Date Discovered March 14, 2017
Description Microsoft Windows is prone to a memory corruption vulnerability.
Successful exploits may allow an attacker to execute arbitrary code in the context of the SYSTEM account. Failed attacks will cause denial of service conditions.
- Microsoft Windows Server 2008 R2 for Itanium-based Systems SP1
- Microsoft Windows Server 2008 R2 for x64-based Systems SP1
- Microsoft Windows Server 2008 for 32-bit Systems SP2
- Microsoft Windows Server 2008 for x64-based Systems SP2
- Microsoft Windows Server 2012
- Microsoft Windows Server 2012 R2
- Microsoft Windows Server 2016 for x64-based Systems
Run all software as a nonprivileged user with minimal access rights. To reduce the impact of latent vulnerabilities, always run nonadministrative software as an unprivileged user with minimal access rights.
Deploy network intrusion detection systems to monitor network traffic for malicious activity. Deploy NIDS to monitor network traffic for signs of anomalous or suspicious activity. This includes but is not limited to requests that include NOP sleds and unexplained incoming and outgoing traffic.
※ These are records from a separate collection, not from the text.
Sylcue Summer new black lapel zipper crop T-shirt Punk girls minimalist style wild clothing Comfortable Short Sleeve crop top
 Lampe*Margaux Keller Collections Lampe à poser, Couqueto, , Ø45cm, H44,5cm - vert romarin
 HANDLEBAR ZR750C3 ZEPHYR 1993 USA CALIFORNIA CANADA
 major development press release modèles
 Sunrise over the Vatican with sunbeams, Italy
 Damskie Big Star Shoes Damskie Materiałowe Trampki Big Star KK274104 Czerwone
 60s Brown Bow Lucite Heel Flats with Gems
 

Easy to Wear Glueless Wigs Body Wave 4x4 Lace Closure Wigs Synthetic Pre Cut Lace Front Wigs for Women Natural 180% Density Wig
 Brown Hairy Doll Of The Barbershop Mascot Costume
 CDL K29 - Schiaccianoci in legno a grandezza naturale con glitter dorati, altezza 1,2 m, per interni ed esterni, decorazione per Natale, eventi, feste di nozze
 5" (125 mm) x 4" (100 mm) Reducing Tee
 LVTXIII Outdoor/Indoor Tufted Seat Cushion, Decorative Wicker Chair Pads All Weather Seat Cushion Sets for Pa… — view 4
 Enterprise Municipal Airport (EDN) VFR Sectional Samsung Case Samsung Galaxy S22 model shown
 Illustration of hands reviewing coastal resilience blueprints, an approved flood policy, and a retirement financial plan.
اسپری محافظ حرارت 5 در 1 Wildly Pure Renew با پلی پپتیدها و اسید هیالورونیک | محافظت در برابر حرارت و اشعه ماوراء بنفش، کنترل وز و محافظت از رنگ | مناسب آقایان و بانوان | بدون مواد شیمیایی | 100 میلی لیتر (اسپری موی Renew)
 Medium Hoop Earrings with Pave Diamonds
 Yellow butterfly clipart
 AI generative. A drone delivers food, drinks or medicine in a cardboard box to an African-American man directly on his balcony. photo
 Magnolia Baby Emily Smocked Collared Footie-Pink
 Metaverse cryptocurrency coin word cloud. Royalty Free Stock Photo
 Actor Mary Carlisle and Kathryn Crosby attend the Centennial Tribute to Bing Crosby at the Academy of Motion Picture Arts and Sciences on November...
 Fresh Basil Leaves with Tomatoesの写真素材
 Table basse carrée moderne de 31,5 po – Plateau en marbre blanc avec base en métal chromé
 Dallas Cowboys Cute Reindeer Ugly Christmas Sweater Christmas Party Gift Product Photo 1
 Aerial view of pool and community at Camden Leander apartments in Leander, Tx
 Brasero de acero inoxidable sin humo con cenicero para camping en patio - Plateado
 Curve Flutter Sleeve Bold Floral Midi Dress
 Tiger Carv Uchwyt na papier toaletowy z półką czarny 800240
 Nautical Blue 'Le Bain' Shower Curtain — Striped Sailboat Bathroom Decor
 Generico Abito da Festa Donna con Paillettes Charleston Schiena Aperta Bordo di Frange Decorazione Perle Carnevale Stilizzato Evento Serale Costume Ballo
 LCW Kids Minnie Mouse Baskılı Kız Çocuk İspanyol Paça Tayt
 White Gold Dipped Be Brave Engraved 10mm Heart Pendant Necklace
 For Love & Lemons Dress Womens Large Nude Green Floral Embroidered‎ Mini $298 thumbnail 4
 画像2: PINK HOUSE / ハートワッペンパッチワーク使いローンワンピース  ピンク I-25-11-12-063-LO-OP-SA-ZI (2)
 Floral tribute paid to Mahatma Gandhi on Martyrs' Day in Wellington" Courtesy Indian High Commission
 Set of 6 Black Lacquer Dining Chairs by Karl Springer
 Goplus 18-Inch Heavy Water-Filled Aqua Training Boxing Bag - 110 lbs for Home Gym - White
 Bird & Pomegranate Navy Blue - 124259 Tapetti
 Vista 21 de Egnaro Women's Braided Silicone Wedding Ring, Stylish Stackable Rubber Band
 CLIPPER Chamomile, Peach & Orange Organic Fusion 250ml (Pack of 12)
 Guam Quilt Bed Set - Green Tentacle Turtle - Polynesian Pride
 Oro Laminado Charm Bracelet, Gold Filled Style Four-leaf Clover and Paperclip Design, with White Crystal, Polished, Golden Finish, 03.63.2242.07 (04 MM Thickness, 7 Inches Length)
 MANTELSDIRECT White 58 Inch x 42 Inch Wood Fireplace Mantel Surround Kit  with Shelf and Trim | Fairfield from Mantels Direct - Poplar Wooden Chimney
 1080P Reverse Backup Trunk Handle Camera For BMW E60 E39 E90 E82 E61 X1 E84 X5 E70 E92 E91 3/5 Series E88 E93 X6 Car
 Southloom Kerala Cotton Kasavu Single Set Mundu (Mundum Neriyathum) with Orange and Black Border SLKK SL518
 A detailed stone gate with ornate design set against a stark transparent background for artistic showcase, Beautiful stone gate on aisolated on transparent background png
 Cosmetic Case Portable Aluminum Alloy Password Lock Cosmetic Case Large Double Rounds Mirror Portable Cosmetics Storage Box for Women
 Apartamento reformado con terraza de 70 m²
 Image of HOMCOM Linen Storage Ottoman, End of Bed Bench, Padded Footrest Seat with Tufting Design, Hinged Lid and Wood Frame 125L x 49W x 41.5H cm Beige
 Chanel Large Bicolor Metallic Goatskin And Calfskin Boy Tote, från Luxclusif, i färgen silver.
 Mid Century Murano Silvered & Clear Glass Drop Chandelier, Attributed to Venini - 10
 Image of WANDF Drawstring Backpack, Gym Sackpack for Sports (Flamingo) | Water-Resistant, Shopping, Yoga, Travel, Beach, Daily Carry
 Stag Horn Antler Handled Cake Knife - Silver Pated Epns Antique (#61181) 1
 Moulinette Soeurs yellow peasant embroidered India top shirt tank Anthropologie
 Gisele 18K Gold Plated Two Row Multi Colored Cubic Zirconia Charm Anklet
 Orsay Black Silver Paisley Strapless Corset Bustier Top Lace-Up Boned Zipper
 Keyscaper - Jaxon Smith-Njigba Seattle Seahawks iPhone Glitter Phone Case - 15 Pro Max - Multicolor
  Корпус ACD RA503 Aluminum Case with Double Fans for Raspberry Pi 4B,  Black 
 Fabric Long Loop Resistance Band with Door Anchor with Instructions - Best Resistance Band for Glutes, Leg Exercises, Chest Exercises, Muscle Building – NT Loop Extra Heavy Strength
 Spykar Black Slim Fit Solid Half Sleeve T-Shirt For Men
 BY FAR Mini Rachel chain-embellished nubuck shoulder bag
This may indicate exploit attempts or activity that results from a successful exploit.
Do not accept or execute files from untrusted or unknown sources. To reduce the likelihood of successful attacks, never handle or open files from unknown sources.
Do not follow links provided by unknown or untrusted sources. To reduce the likelihood of successful exploits, never visit sites of questionable integrity or follow links provided by unfamiliar or untrusted sources.
Implement multiple redundant layers of security.
Various memory-protection schemes (such as nonexecutable and randomly mapped memory segments) may hinder an attacker's ability to exploit this vulnerability to execute arbitrary code. Host-based intrusion-prevention systems may also help prevent exploits.